This is your brain.
This is your brain on anti-drug ads.
Yes. You in the back there.
But do these anti-drug ads really work?
“We do see that [the anti-drug ad campaign] has a positive effect on parents,” said Robert Hornik, professor of communication in the Annenberg School. “We don’t have any evidence that it’s affecting kids yet.”
Hornik is one of two researchers heading an ongoing study of whether the Partnership for a Drug-Free America’s latest advertising campaign—not the one that opened this story—is succeeding in reducing drug use among youth. The study, conducted by the Annenberg School under contract to Westat, a Maryland research firm, was mandated by Congress as part of 1998 legislation that funded the Office of National Drug Control Policy’s National Youth Anti-Drug Media Campaign.
The campaign, which began in 1999, differs from previous anti-drug ad campaigns in its use of paid advertising. “The Partnership had been successful getting a lot of free media in the 1980s,” Hornik said, and during that time, drug use among teens also declined sharply.
But, he said, “around the time Clinton took office, drug use began to climb upward. And the Partnership also began to have less success in getting free air time.” This led Congress to approve a $1 billion, five-year ad campaign aimed at driving teen drug use back down.
“This was the first time Congress had spent significant money on public-health advertising,” he said.
And with funding comes accountability. No studies had been done on the effectiveness of earlier anti-drug ad campaigns, so Congress insisted that the campaign it funded include ongoing research to evaluate its effectiveness.

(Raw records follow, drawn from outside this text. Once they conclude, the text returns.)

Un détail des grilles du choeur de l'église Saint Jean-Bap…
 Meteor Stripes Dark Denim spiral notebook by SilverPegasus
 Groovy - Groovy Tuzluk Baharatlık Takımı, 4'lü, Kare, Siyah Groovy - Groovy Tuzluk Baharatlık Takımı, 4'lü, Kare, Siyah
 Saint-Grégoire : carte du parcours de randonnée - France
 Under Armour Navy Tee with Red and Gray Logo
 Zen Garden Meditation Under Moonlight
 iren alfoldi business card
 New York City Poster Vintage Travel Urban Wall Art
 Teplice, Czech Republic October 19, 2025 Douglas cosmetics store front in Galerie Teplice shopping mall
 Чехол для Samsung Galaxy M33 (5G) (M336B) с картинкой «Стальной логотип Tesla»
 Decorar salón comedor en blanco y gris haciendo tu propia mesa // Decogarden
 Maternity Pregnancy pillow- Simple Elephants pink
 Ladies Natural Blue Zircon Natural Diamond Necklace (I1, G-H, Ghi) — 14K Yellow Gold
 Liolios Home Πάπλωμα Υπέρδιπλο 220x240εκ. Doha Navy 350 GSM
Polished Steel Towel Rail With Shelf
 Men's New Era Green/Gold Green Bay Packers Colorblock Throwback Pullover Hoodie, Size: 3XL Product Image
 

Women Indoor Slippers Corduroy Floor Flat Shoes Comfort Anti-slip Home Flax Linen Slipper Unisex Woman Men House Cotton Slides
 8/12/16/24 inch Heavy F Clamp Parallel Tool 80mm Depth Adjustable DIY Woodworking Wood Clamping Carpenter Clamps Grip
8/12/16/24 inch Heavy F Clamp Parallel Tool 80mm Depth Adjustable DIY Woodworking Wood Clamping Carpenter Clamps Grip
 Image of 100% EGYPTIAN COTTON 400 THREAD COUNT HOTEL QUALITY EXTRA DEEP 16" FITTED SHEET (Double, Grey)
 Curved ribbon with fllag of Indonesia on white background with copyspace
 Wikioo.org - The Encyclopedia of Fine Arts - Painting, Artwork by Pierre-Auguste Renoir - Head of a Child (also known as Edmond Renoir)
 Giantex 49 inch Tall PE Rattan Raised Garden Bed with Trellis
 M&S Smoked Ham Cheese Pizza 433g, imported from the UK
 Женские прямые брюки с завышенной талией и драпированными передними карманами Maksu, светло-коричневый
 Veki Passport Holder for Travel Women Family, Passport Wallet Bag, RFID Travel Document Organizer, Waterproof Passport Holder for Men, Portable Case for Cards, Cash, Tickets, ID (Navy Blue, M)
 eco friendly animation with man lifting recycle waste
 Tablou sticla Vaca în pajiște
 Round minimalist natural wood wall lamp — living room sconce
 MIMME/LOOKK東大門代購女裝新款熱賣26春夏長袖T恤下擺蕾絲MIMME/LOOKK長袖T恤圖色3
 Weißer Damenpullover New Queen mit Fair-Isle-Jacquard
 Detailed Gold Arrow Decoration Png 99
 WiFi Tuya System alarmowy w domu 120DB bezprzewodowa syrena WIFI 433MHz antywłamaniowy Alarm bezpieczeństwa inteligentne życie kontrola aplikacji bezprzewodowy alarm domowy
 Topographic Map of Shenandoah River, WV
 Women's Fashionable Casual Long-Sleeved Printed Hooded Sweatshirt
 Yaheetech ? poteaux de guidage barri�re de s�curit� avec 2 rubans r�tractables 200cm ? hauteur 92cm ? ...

Hornik and his research team released the third of seven semi-annual reports on the campaign in October. This report showed that both parents and teens had plenty of exposure to the campaign’s ads and could recall the campaign’s “the anti-drug” theme—as in “parents: the anti-drug,” “truth: the anti-drug” or, for the kids themselves, “what’s your anti-drug?” Parents surveyed also stated that they were more engaged with their children as a result of the ads.
This, Hornik said, was potentially encouraging. “We know that parents who monitor their kids’ behavior have kids who use drugs less,” he said.
However, the study found no evidence that the ads aimed at youth have led to changed behavior among teens.
Hornik did note that the current ad campaign operates in a different media climate from that of the 1980s, when the legendary “this is your brain on drugs” spot aired. For one thing, drug use is not the hot-button topic it was when Nancy Reagan was telling the youth of America to just say no. And to make matters worse, he said, media coverage of drugs “disappeared” after the Sept. 11 attacks.
But we shouldn’t jump to conclusions based on these findings or the changed climate, he said. The current ad campaign began only a year ago, which is too recent to discern any long-term effects. “There may be other effects that we will pick up later,” he said.